Regarding equity, Pekelo mentioned the screen shot where the trader asked if it's only $3k of equity on the 100k account. In order to assess a value of the live account, it must be compared to the
substitute, which is a retail account.
Since most trade CL, we'll use that as the example:
(Day trade margin x maximum cars) + maximum allowable draw
The max cars to start is 3, so that gives you $3,000 for the day trade margin ($1,000 per lot x 3), PLUS the start of the maximum trailing draw, which on the 100k account is $3k.
All traders start at a "$0" balance in the live account, but that doesn't mean it's $0 equity, since you have to account for the starting maximum number of contracts allowed, plus the maximum allowable trailing draw. Therefore, if you were to start trading using the SAME value as the 100k live account, it's
$6,000 of actual equity if it was a retail account. However, in the retail account, you MUST add day trade margin for every added car in addition to the $3,000 trailing draw, whereas in the TST live account, you place ZERO capital.
THIS is the value of the live account. The trader gets to "build up" equity with ZERO risk, unlike a retail account.
Remember, TST is using
a base value of $10,000 of equity per car to calculate the percentage of daily risk. The $3,000 figure is based on a 15 cars max account on a 150k account, and thus $3k is a 2% risk of equity ($3,000 divided by $150,000 is 2%).
Obviously, when you start the LIVE account, the backer is
not providing you with $150,000 of equity. They are providing you with the ability to trade 3 cars to start, and allowing the account to go against you $4,500 within the first 10 days, as long as you abide by the live account rules.
That is the risk they take for each live trader on the 150k account.
Let's say a trader puts $7,500 of capital in their AMP account, and they want to trade 3 lots of crude each day with a maximum allowable draw of $4,500 (the "blow up" of the account, meaning they would not go below the 3k required to trade on the last day, they would close the account). Here, 3k is allocated to the margin, and $4.5k is allocated to the maximum draw. If you risked $3k on your first day, then you are allowing for roughly 67% of your maximum allowable draw ON DAY ONE, which is a tremendous amount of equity to risk per account value.

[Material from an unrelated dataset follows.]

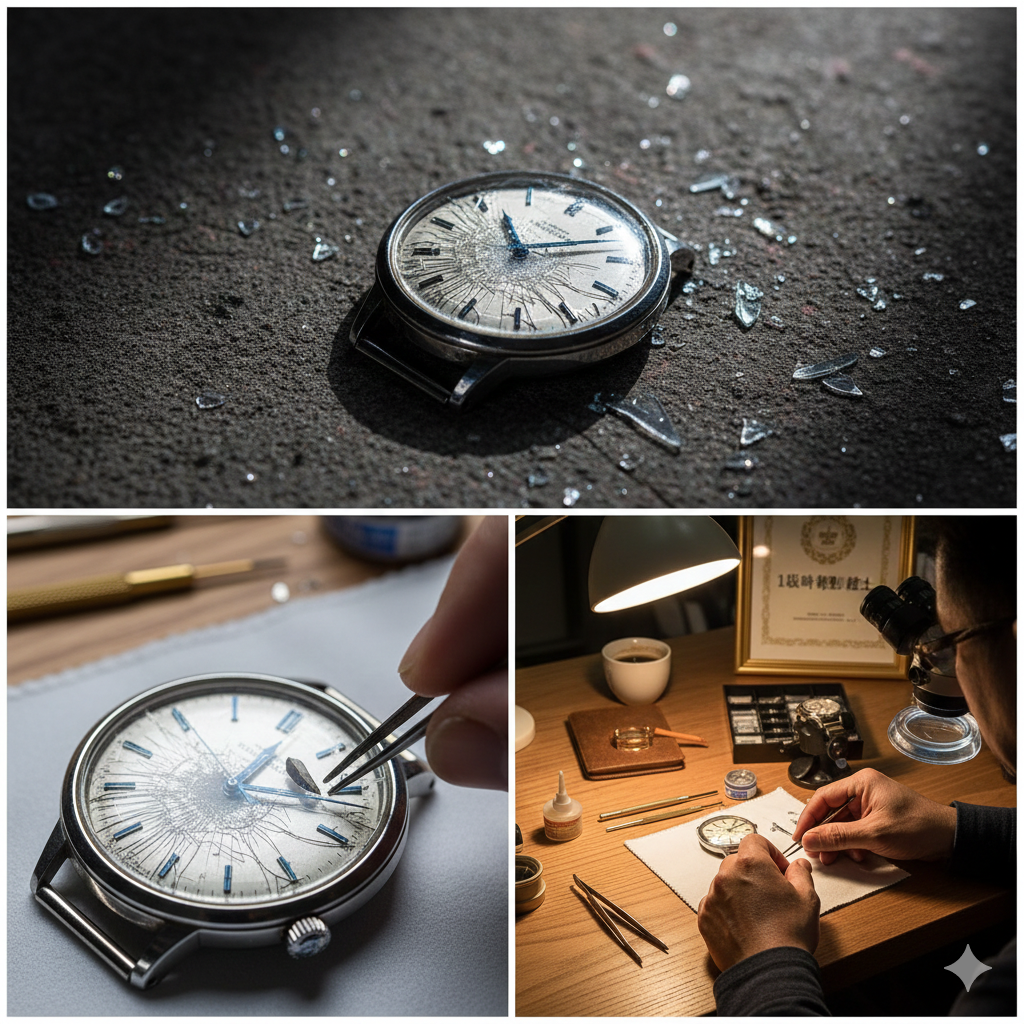 ガラス交換
ガラス破損
腕時計
時計修理
静岡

You would never do this on a live retail account (unless you're ready to blow it up fast), but you CAN do this on the TST live account, because they are using the $150k number
to define the percentage of risk. If you plan on trading every day of the week, then the added safeguard is the weekly loss limit, which if divided by 5, is actually net $600 loss per day. If you don't plan on trading each day of the week, then yes, $3,000 is the allotted amount you can lose in ONE day.
But here's the catch: you are going to try and maximize the account equity value once you are aware that you only have TEN DAYS to do it, so you MUST take the risk of adding cars as you build up the equity, otherwise you will end up with a piker sized account.
So if you're wondering why traders "blow up" their live accounts, see above.